Et quand un salarié handicapé intègre une entreprise, un autre combat commence : s’y maintenir. Grâce aux efforts de l’Agefiph, le service d’appui au maintien dans l’emploi des travailleurs handicapés (S.A.M.E.T.H.) a accompagné 18 000 salariés. C’est bien, mais trop peu par rapport aux besoins. Sur le terrain, les maisons départementales des personnes handicapées (M.D.P.H.) créées en 2005 pour servir de guichet unique semblent dépassées et concurrencées par une myriade de structures. Enfin, les entreprises adaptées tardent à s’ouvrir à des secteurs émergents comme le numérique.
Comment faire mieux ? Un préalable consiste à changer le regard que nous portons sur le handicap. C’est le pari qu’ont fait certains grands groupes. Carrefour compte 6 300 collaborateurs souffrant d’un handicap, soit un peu plus de 6 % de ses effectifs. Chez Air France, le handicap fait l’objet d’accords triennaux depuis 1991. Quant à la Foncière Gecina, elle a créé, en 2008, une fondation qui soutient des projets dans des domaines comme le handisport, l’accessibilité ou la médiation animale.
Certains, comme Didier Roche, créateur des restaurants « Dans le Noir ? », font du handicap une compétence et l’occasion de vivre une expérience différente. Les entreprises de petite taille (TPE), qui concentrent la moitié des offres d’emploi en France, comptent 120 000 travailleurs handicapés, bien qu’elles soient exonérées de quotas. Enfin, des écoles comme l’ESSEC aident les futurs cadres à modifier leur regard.

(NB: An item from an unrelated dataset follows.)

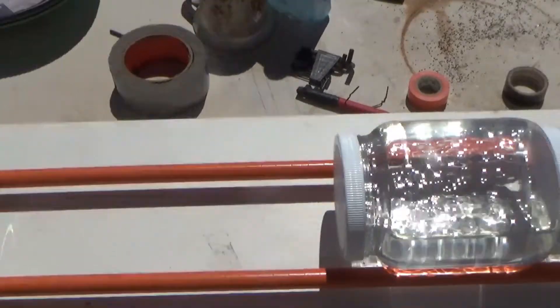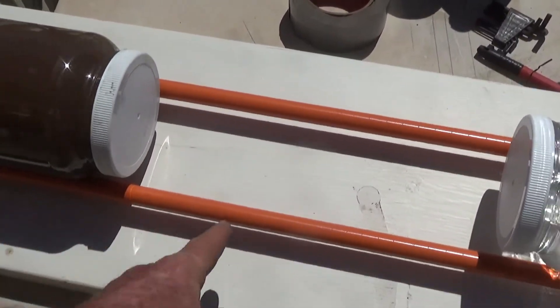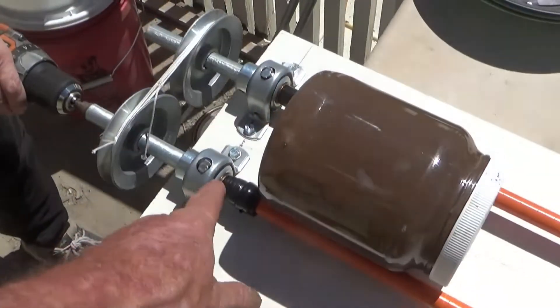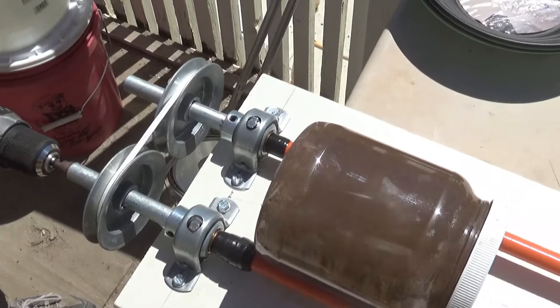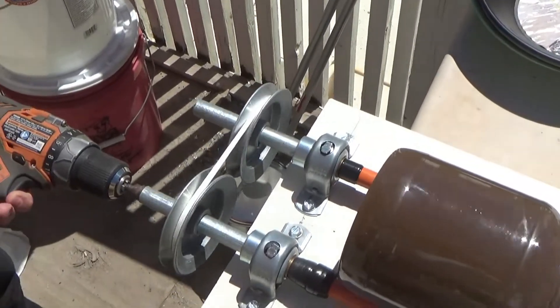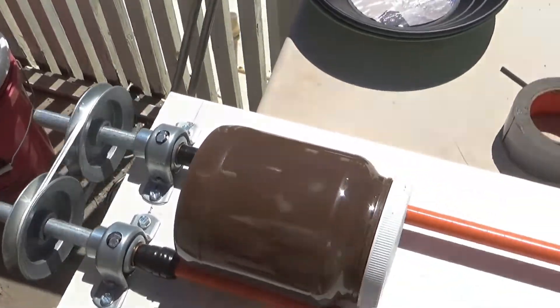These are just pieces of half-inch conduit wrapped with electrical tape, a cooler motor — push in on it and that will grip it — and a couple of pulleys to drive both of them.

Un consensus se dégage autour de solutions plus structurelles. Parmi les plus urgentes : simplifier les structures et les compétences, encourager la formation professionnelle des travailleurs handicapés, faciliter l’accès à l’enseignement supérieur, inciter les E.S.A.T. à remplir leur mission, aider les entreprises adaptées à proposer des services dans des domaines porteurs.
La France gagnerait aussi à s’inspirer de ses voisins, en développant « l’emploi assisté ». Son principe ? Former un travailleur « sur le tas » et l’accompagner de manière durable. En Suède, 495 « job coach » encadrent chaque année 3 500 salariés handicapés durant dix-huit mois. Quant au Royaume-Uni, depuis 2010, l’Equality Act encadre l’emploi handicapé sous le seul principe de non-discrimination. Le handicap ne doit pas être un obstacle à l’emploi, mais il n’est pas non plus un argument d’embauche.
Dans la majorité des cas, l’encadrement des travailleurs handicapés ne fait pas l’objet d’un service spécifique, avec des managers chargés de l’évaluation de leurs compétences, comme pour n’importe quel autre salarié. Ces expériences et ces solutions, pas forcément plus onéreuses, ont surtout pour vertu de banaliser le handicap en substituant une logique de « compétences » à une logique de « quotas ».